• **Exercise directions**
Retype exactly the lines that run from the start of the data to the line holding "Une chambre d’hôtel", including both, and only those.

+ + + + +

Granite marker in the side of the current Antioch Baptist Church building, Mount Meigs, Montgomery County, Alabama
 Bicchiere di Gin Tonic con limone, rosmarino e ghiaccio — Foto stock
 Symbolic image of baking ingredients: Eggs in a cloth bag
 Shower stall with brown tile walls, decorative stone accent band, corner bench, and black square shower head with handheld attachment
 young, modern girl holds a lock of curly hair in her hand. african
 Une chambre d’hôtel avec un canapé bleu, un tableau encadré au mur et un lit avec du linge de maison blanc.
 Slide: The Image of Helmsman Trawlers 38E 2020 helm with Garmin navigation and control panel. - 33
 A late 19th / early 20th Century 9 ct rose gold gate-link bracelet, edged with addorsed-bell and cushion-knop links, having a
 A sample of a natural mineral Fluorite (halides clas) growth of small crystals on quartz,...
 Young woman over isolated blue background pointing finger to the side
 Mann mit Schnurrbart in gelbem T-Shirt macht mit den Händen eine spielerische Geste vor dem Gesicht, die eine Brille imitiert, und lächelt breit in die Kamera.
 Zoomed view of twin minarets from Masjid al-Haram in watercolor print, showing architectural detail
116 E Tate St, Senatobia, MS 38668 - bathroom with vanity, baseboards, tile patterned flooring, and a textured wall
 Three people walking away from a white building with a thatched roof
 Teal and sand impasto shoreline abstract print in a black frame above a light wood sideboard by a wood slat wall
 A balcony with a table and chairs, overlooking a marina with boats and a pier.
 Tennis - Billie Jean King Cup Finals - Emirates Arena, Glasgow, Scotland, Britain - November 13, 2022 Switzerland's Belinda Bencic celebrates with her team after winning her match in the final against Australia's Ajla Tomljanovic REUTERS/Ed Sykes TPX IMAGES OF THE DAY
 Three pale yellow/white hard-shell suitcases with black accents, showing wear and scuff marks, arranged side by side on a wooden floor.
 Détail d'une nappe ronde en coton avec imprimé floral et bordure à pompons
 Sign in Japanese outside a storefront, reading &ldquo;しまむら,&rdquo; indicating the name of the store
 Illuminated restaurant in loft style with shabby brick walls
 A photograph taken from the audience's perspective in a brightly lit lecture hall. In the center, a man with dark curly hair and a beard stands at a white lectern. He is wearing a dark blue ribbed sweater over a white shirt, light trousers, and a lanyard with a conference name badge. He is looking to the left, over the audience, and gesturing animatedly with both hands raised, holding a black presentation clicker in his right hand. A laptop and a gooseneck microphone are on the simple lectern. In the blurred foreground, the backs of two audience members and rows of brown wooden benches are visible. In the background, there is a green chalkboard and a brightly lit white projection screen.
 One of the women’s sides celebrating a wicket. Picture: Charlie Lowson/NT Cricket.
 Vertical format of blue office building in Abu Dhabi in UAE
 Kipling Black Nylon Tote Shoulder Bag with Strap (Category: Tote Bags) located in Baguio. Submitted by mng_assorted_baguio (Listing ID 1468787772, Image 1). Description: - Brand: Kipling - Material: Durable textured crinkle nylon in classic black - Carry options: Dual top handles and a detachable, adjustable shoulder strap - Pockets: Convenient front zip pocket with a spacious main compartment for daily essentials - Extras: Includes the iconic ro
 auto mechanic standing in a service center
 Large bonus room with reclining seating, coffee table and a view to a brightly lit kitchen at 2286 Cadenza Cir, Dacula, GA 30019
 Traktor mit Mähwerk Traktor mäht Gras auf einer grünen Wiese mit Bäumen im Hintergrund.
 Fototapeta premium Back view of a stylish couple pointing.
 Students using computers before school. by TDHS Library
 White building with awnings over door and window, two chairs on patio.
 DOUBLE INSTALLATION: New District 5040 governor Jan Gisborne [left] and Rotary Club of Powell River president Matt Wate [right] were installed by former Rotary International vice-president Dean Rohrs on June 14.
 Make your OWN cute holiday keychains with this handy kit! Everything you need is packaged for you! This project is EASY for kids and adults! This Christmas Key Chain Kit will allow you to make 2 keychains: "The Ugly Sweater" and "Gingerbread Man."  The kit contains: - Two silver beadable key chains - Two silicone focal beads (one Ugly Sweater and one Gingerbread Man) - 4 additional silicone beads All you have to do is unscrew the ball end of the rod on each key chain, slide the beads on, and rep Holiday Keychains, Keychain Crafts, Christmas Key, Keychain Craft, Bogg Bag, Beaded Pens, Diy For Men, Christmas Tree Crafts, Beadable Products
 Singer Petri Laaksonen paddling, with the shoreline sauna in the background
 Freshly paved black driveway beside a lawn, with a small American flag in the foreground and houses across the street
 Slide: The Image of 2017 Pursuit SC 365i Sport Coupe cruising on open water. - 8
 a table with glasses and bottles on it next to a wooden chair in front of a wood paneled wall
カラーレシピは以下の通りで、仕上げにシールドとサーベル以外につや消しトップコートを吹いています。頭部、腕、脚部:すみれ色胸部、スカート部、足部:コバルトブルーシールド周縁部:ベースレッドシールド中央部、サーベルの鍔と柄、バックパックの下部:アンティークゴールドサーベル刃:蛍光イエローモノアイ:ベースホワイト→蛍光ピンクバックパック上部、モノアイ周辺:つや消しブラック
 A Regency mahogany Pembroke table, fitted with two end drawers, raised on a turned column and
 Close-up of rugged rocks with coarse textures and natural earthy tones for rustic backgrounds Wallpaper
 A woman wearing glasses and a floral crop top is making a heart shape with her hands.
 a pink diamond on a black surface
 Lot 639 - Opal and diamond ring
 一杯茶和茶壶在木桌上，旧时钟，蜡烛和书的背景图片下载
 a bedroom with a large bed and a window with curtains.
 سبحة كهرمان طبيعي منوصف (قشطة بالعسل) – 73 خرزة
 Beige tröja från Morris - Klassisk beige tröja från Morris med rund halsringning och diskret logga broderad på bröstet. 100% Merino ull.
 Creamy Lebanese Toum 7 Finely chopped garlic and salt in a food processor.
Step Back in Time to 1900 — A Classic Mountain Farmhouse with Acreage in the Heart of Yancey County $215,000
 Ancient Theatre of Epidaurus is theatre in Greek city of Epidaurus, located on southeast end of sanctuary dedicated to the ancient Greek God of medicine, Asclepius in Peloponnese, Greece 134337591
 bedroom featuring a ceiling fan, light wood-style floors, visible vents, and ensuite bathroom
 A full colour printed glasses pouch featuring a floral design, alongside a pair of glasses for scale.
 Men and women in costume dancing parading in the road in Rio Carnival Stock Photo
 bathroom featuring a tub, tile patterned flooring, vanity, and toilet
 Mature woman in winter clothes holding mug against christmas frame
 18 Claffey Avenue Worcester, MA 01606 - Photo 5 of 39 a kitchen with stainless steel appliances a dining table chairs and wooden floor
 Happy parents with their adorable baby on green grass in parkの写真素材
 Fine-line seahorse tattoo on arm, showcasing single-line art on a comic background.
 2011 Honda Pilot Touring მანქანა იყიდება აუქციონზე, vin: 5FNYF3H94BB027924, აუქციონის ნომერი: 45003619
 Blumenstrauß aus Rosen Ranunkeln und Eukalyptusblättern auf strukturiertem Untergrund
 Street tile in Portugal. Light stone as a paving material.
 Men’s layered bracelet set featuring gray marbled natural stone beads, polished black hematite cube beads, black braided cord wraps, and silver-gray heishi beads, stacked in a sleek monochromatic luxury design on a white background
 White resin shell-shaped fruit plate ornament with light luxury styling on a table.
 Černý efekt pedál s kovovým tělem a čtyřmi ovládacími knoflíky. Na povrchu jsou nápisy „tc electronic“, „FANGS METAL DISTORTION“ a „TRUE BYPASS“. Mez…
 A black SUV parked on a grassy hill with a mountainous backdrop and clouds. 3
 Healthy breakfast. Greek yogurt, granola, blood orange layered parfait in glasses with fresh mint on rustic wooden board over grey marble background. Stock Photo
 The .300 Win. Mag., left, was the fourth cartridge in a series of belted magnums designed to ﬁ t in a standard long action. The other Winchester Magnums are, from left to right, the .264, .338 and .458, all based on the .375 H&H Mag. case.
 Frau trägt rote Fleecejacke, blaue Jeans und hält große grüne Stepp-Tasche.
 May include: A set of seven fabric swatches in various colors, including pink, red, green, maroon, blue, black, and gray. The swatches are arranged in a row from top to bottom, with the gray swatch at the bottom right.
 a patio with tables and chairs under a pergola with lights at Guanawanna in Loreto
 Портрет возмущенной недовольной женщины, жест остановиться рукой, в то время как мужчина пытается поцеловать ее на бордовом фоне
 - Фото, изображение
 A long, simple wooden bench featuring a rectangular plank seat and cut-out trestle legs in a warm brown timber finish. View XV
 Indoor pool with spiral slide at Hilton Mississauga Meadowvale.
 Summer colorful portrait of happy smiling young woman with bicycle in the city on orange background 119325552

+ + + + +

• **Task output**
Granite marker in the side of the current Antioch Baptist Church building, Mount Meigs, Montgomery County, Alabama
 Bicchiere di Gin Tonic con limone, rosmarino e ghiaccio — Foto stock
 Symbolic image of baking ingredients: Eggs in a cloth bag
 Shower stall with brown tile walls, decorative stone accent band, corner bench, and black square shower head with handheld attachment
 young, modern girl holds a lock of curly hair in her hand. african
 Une chambre d’hôtel avec un canapé bleu, un tableau encadré au mur et un lit avec du linge de maison blanc.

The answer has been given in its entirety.